Rawley nodded. His mane, if anything, may have been a little more luxuriant, a little more blond, a little more Viking than his brother’s. It was quite a head of hair. And, taken together, the two of them looked like Siegfried and Roy on HGH from Samoa.

“See, that’s where you’re misunderstanding the situation, sir,” said Braxton. “What you ain’t getting is that in the Negro community, where we do most of our work, and as well in the low-white community, mostly of Appalachian heritage, found in trailer parks and government housing the mid-South over, this hair ain’t only a certain look — a trademark, you might say — it’s a communication, and it speaks in a certain tone to them that has to be spoken to. First off, it gets their attention fast. They ain’t the most alert folks, you see, and getting them to pay attention is part of the battle right there.”
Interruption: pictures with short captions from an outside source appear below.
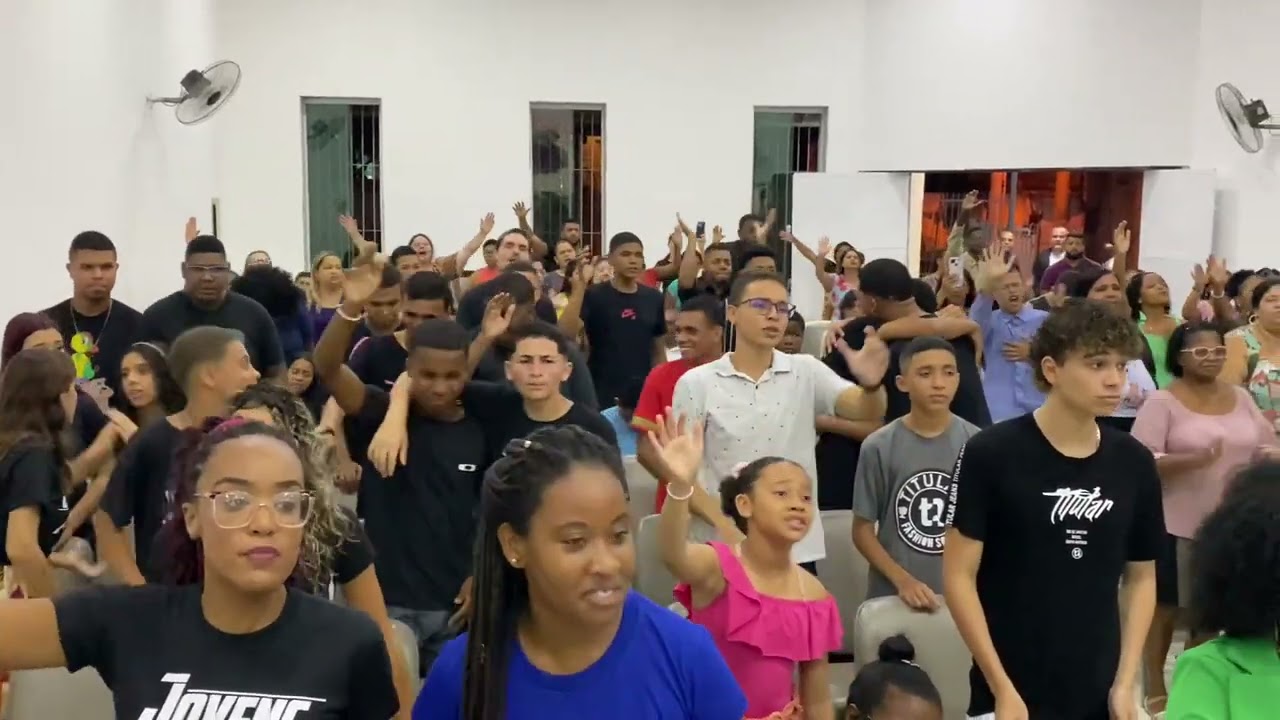 Mini Vig&iacute;lia Jovens com Atitude 🔥 ADNI Cobrex Tremeu 🙌🏼 @Allan Vasconcellos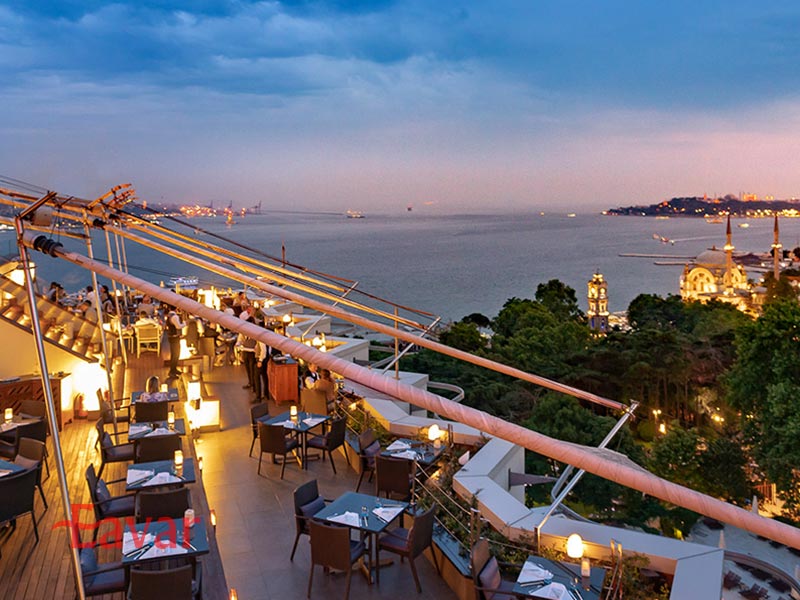 ۱۶ روف از رستوران های مشهور استانبول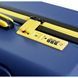 Чемодан среднего размера из поликарбоната Barbados 24″ Vip Collection синяя BDS.24.Navy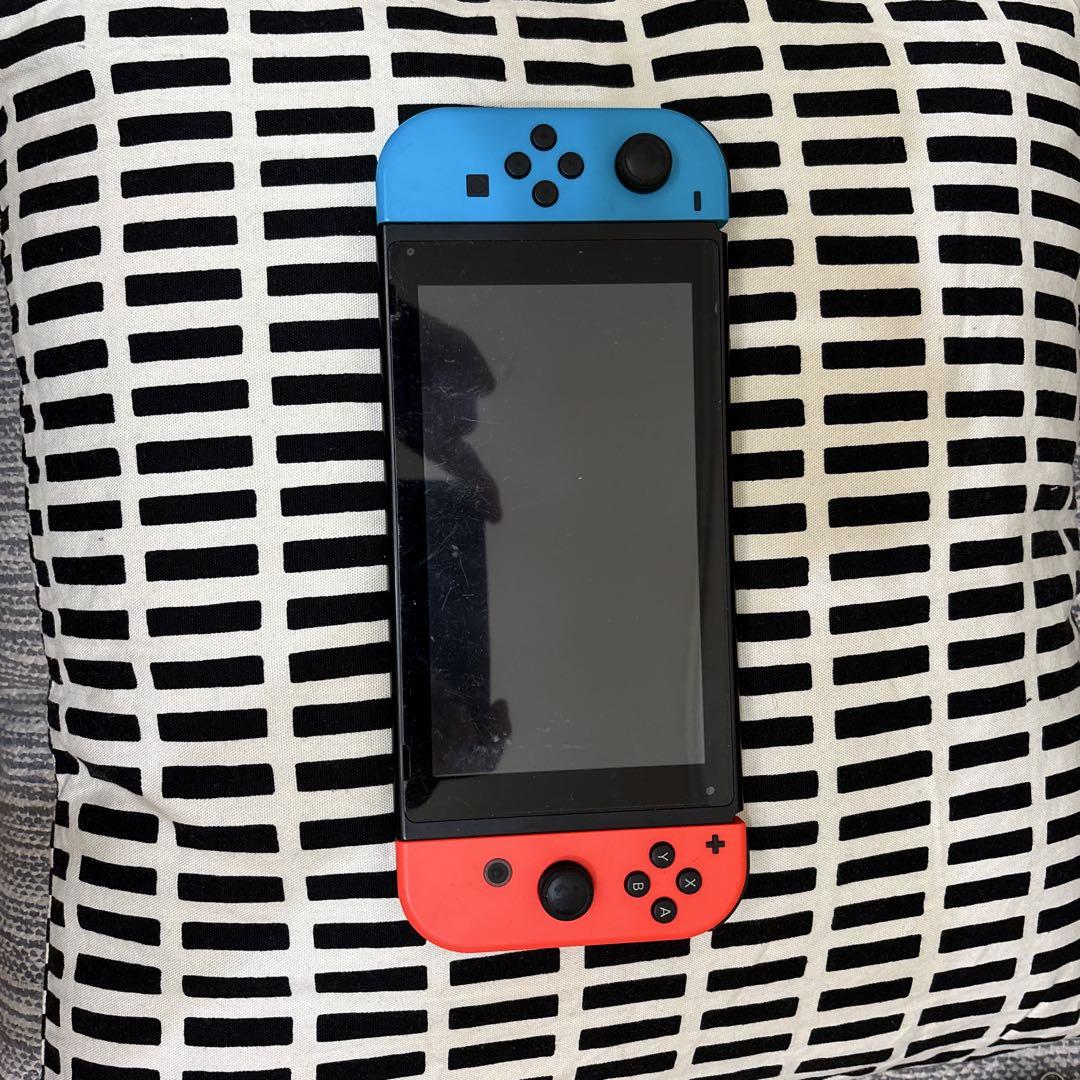 Nintendo Switch 青/赤　太鼓の達人ソフト付き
Glumly, Mr. Kaye nodded. His pawnshops also served roughly the same demographic and he had to admit there was some wisdom in Braxton’s assertion, not that under any other circumstances, and things being what they were, he would have acknowledged it.

“And here’s the message it carries. It says to them: We wouldn’t look so ridiculous if we couldn’t kick your asses all the way to Tuesday. It says: We do this for a living. We done a lot of it. Best now you cooperate with us, you save yourself a lot of hurt that way. It says: See, we ain’t no white person all teared up and gulpy over the horrible things our kind did to your kind. We the other kind of white people. We the kind that did them horrible things. We do ’em again, twice as hard, twice as mean, if you don’t cooperate. That’s a language our Negro clients understand, clear as a bell, and, like as not, they cooperate. Nobody done gets smacked about, arms broke, teeth swallowed, faces swelled like a grapefruit, right, Rawley? They have to know we represent the principle that it can all go away fast.”